Write a test for the behavior you want to add. This test should fail — either by not compiling (in Rust, this is common) or by producing a wrong result. The failure is important: it proves the test is actually testing something. A test that passes immediately might be testing nothing.

2. Green — Write the Minimum Code to Pass

Write the simplest possible production code that makes the test pass. Do not optimize. Do not generalize. Do not handle edge cases you have not tested yet. The goal is to go from red to green as quickly as possible.

This step feels unnatural at first. You might write code you know is incomplete. That is the point. The incompleteness will be addressed by the next test.

3. Refactor — Clean Up While Staying Green

Now improve the code's structure, remove duplication, improve naming — while keeping all tests passing. The test suite acts as a safety net during refactoring. If you break something, you find out immediately.

Write failing test --> Write code to pass --> Refactor --> Repeat
      (Red)               (Green)            (Clean)

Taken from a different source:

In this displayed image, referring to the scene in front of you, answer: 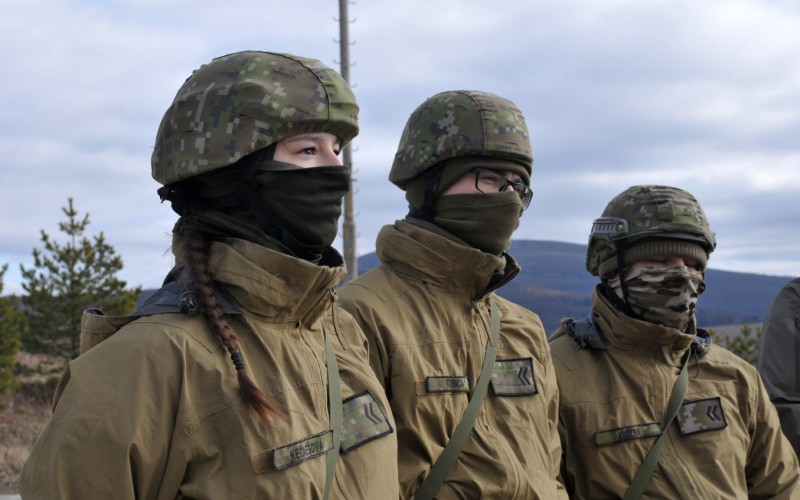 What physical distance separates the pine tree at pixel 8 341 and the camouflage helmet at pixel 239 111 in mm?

Step-by-Step TDD in Rust: Building a Shopping Cart

Let us build a shopping cart from scratch using strict TDD. Every line of production code will be motivated by a failing test.

Cycle 1: Empty Cart Has Zero Total

Red — write the test first:

// src/cart
TEST MODULE

    TEST empty_cart_has_zero_total
        cart ← NEW ShoppingCart()
        ASSERT cart.TOTAL() = 0.0

This will not compile because ShoppingCart does not exist.

Green — write the minimum code:

STRUCTURE ShoppingCart

    FUNCTION NEW() → ShoppingCart
        RETURN ShoppingCart

    FUNCTION TOTAL(self) → float
        RETURN 0.0

The test passes. Yes, total() is hardcoded to return 0.0. That is fine — the next test will force us to make it real.

Refactor — nothing to clean up yet.

Cycle 2: Cart With One Item

Red — next test:

TEST cart_with_one_item_returns_item_price
    cart ← NEW ShoppingCart()
    cart.ADD_ITEM("Widget", 9.99)
    ASSERT |cart.TOTAL() - 9.99| < EPSILON

Does not compile: add_item does not exist, and ShoppingCart is a unit struct with no fields.

Green — extend the implementation:

STRUCTURE ShoppingCart
    items: list of (name: string, price: float)

    FUNCTION NEW() → ShoppingCart
        RETURN ShoppingCart { items: empty list }

    FUNCTION ADD_ITEM(self, name: string, price: float)
        APPEND (name, price) TO self.items

    FUNCTION TOTAL(self) → float
        RETURN SUM OF price FOR EACH (_, price) IN self.items

Both tests pass.

Refactor — the code is clean enough for now.

Cycle 3: Multiple Items

Red:

TEST cart_with_multiple_items_sums_prices
    cart ← NEW ShoppingCart()
    cart.ADD_ITEM("Widget", 9.99)
    cart.ADD_ITEM("Gadget", 24.99)
    cart.ADD_ITEM("Doohickey", 5.00)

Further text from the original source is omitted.